# WBIC

This notebook gives a tutorial on how to use Watanabe-Bayesian information criterion (WBIC) for feature selection. The WBIC is an information criterion. Similarly to other criteria (AIC, BIC, DIC) the WBIC endeavors to find the most parsimonious model, i.e., the model that balances fit with complexity. In other words a model (or set of features) that optimizes WBIC should neither over nor under fit the available data. 

In this tutorial a data set is simulated using the damped linear trend (DLT) model. This data set is then used to fit DLT models with varying number of features as well as a global local trent model (GLT), and a Error-Trend-Seasonal (ETS) model. The WBIC criteria is then show to find the true model. 


In [1]:
from datetime import timedelta

import pandas as pd
import numpy as np

import matplotlib.pyplot as plt
%matplotlib inline

import orbit
from orbit.models import DLT,ETS, KTRLite, LGT, ARMA
from orbit.utils.simulation import make_trend, make_regression

In [2]:
print(orbit.__version__)

1.1.0dev


## Data Simulation

This block of code creats random data set (365 observations with 10 features) assuming a DLT model. Of the 10 features 5 are effective regressors; i.e., they are used in the true model to create the data.
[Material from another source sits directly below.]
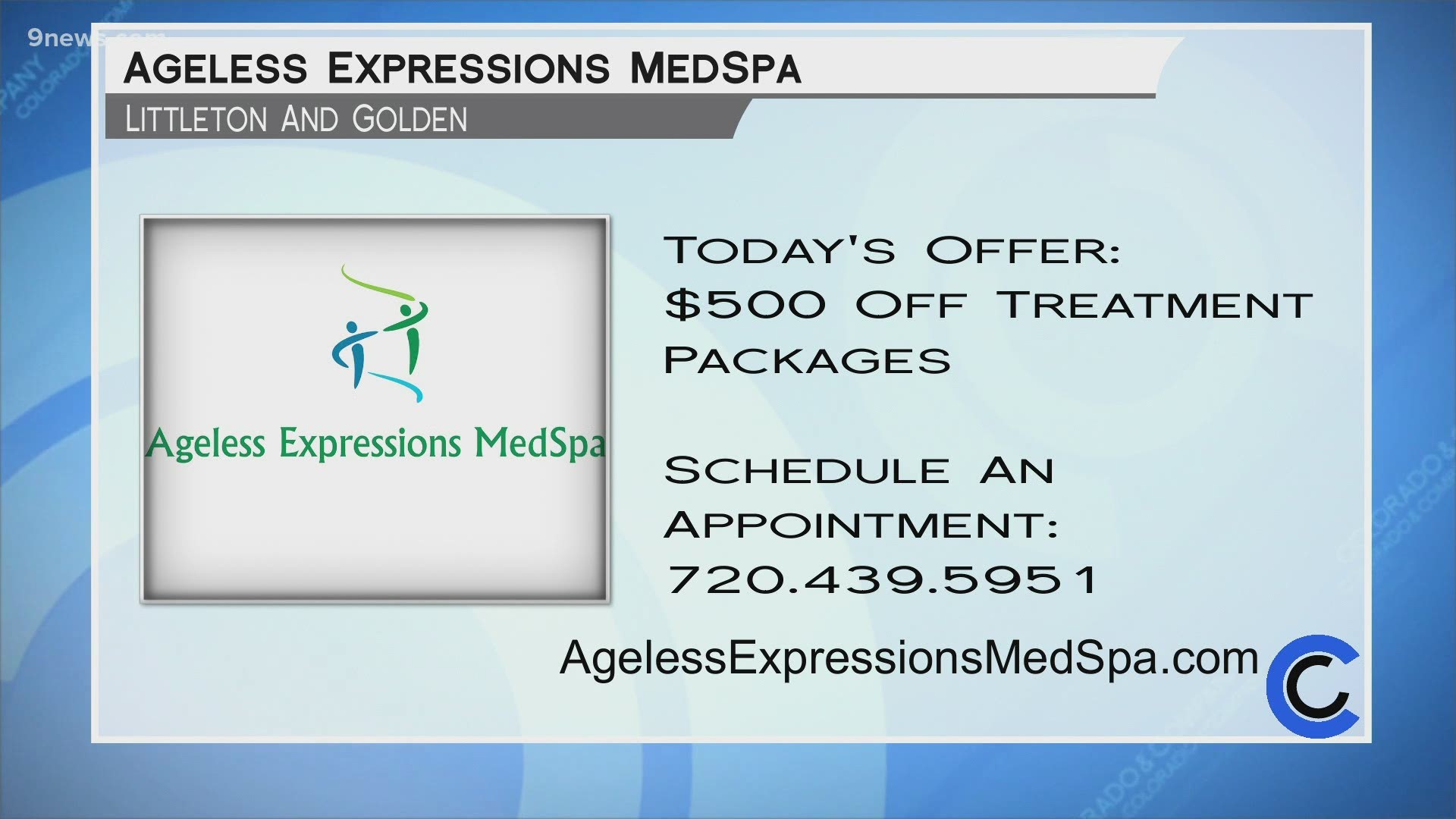 Learn more about the treatments provided by Ageless Expressions at AgelessExpressionsMedSpa.com or call 720.439.5951. You can find them in Littleton and Golden.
As an exerise left to the user once you have run the code once try changing the NUM_OF_EFFECTIVE_REGRESSORS (line 2), the SERIES_LEN (line 3), and the SEED (line 4) to see how it effects the results. 

In [None]:
NUM_OF_REGRESSORS = 10
NUM_OF_EFFECTIVE_REGRESSORS = 5
SERIES_LEN = 365
SEED = 1
# sample some coefficients
COEFS = np.random.default_rng(SEED).uniform(-1, 1, NUM_OF_EFFECTIVE_REGRESSORS)
trend = make_trend(SERIES_LEN, rw_loc=0.01, rw_scale=0.1)
x, regression, coefs = make_regression(series_len=SERIES_LEN, coefs=COEFS)

# combine trend and the regression
y = trend + regression
y = y - y.min()


x_extra = np.random.normal(0, 1, (SERIES_LEN, NUM_OF_REGRESSORS - NUM_OF_EFFECTIVE_REGRESSORS))
x = np.concatenate([x, x_extra], axis=-1)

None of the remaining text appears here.